Giustificati dunque per fede, abbiamo pace con Dio per mezzo di Gesù Cristo, nostro Signore, mediante il quale abbiamo anche avuto, per la fede, l’accesso a questa grazia nella quale stiamo fermi; e ci gloriamo nella speranza della gloria di Dio; non solo, ma ci gloriamo anche nelle afflizioni, sapendo che l’afflizione produce pazienza, la pazienza, esperienza, e l’esperienza, speranza. (Romani 5:1-4)
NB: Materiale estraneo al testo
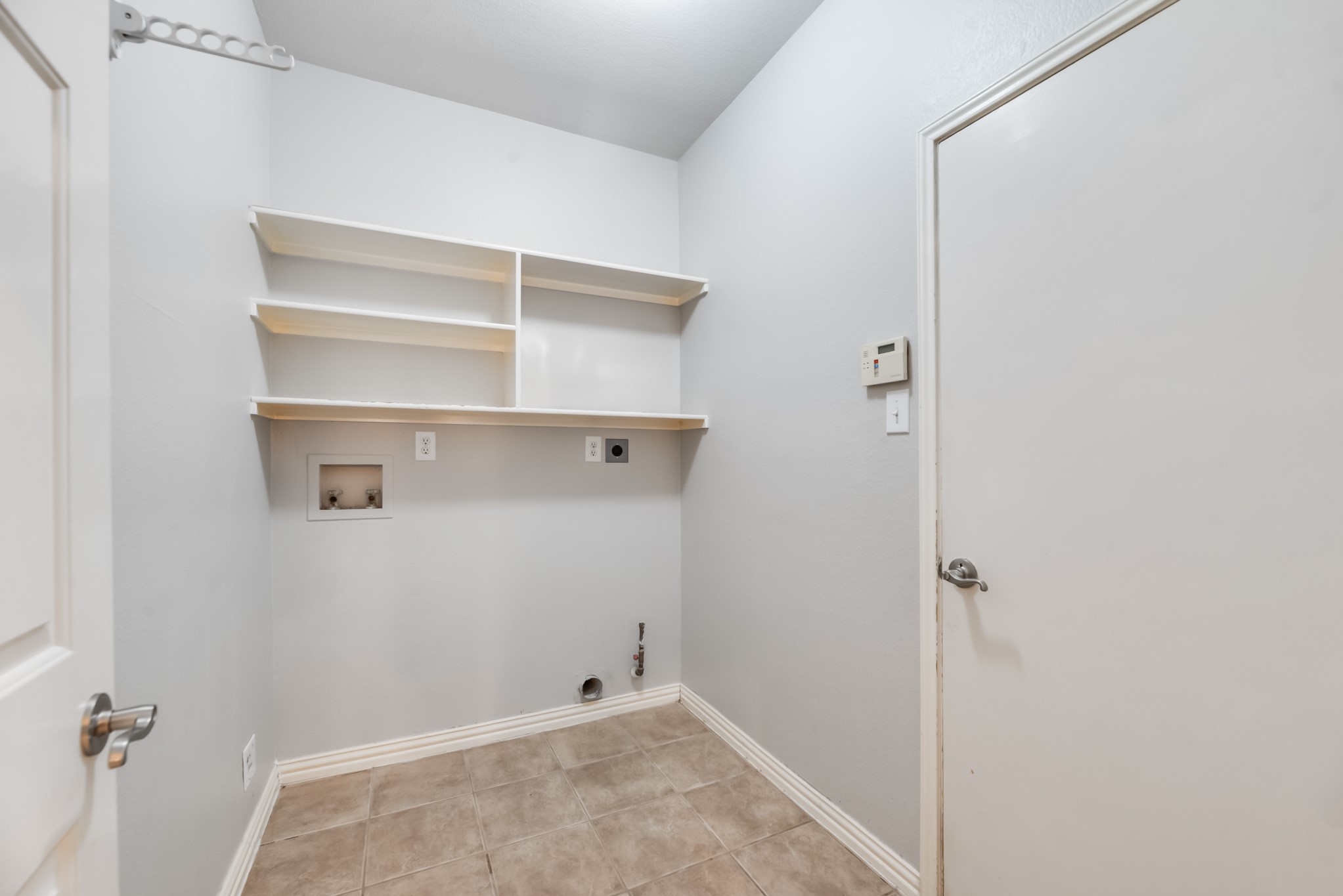 851 Carolina Way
Un evangelista stava spiegando questo testo:
Infatti è per grazia che siete stati salvati, mediante la fede; e ciò non viene da voi; è il dono di Dio. Non è in virtù di opere affinché nessuno se ne vanti; infatti siamo opera sua, essendo stati creati in Cristo Gesù per fare le opere buone, che Dio ha precedentemente preparate affinché le pratichiamo. (Efesini 2:8-10)
Noi siamo riconciliati con Dio, abbiamo la pace con Lui esclusivamente per mezzo della fede; è un dono che Dio ci fa. La salvezza non si guadagna, non si merita, ne tanto meno si acquista, diceva. Un ascoltatore, convinto che le opere fossero necessarie per la salvezza, gli citò un altro verso biblico: “Voi vedete dunque che l’uomo è giustificato per opere, e non per fede soltanto” (Giacomo 2:24). C’è contraddizione?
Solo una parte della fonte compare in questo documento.